> _What to produce_
Using only the entries below, copy exactly the lines that begin at the one with "아기 장난감 2살 3살 선물 컵케이크 쿠키 소근육 발달 사회성발달 첫돌선물 남아" and end at the one with "Skate helm maat", both included. Drop the pictures.

> _Records for this exercise_
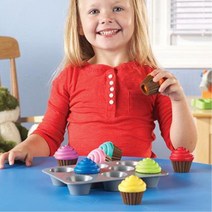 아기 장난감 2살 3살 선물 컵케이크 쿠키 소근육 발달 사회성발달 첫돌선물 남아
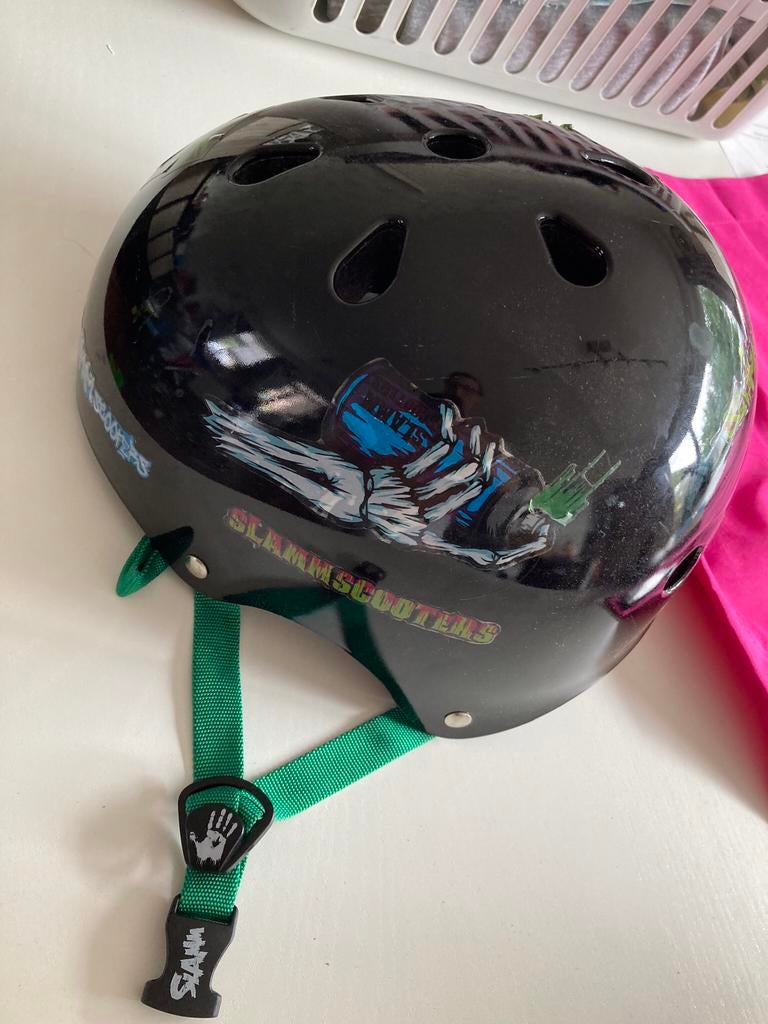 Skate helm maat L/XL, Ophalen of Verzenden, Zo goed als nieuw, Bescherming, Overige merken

...

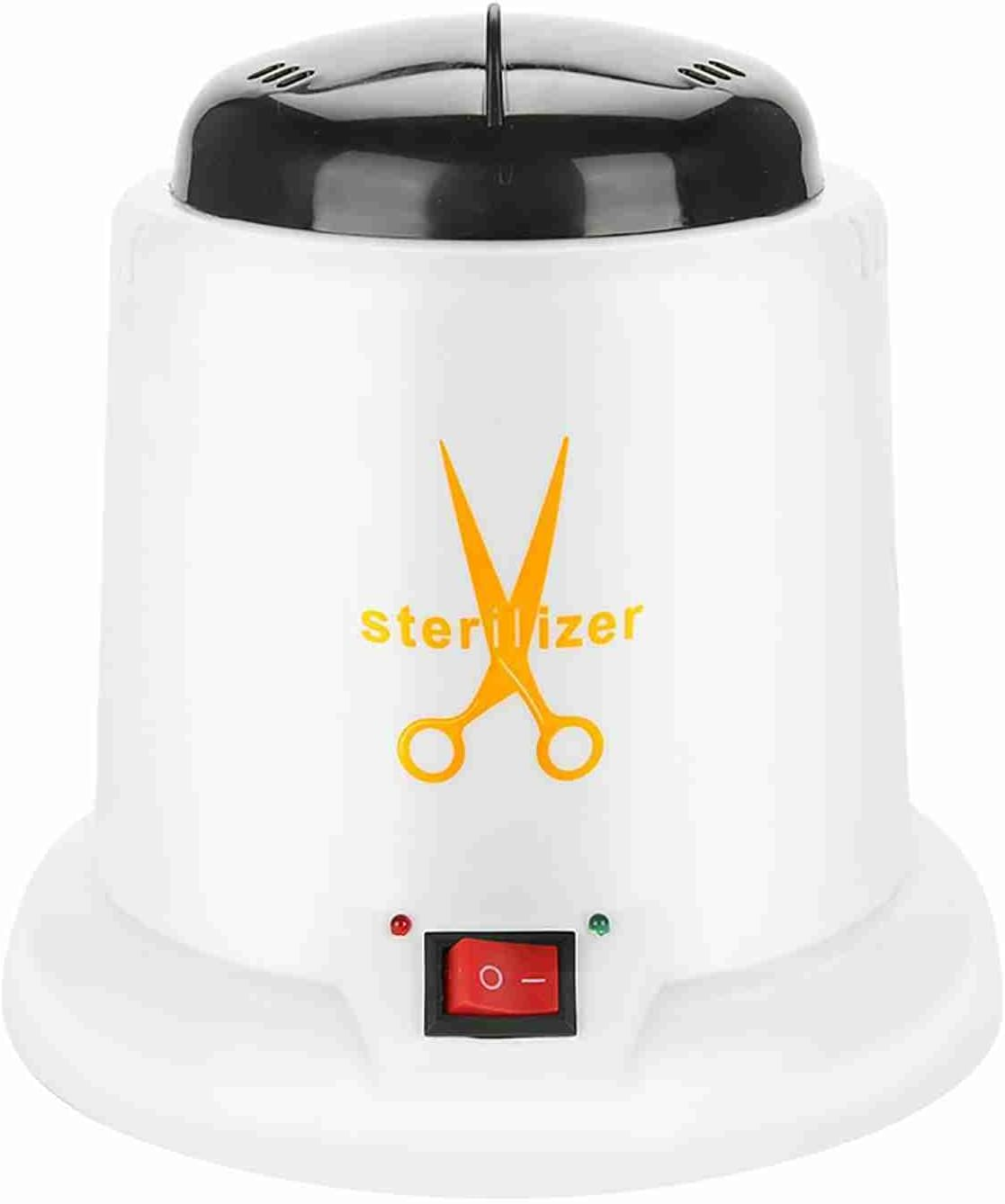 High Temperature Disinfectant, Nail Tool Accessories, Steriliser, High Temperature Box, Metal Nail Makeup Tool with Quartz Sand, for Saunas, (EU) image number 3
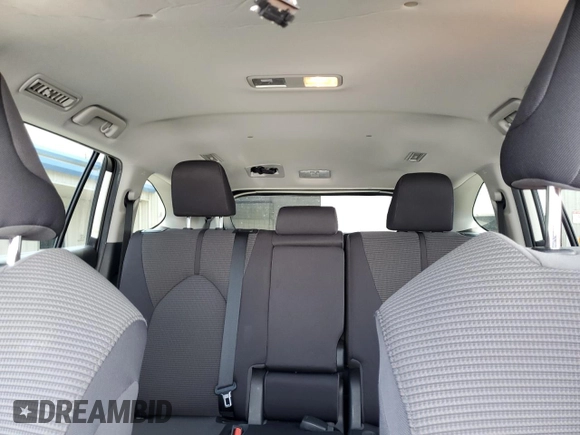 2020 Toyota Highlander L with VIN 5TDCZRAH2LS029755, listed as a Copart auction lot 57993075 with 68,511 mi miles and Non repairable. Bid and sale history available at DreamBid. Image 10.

--

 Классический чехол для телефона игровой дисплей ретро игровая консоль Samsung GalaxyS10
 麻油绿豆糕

> _Solution to this exercise_
 아기 장난감 2살 3살 선물 컵케이크 쿠키 소근육 발달 사회성발달 첫돌선물 남아
 Skate helm maat L/XL, Ophalen of Verzenden, Zo goed als nieuw, Bescherming, Overige merken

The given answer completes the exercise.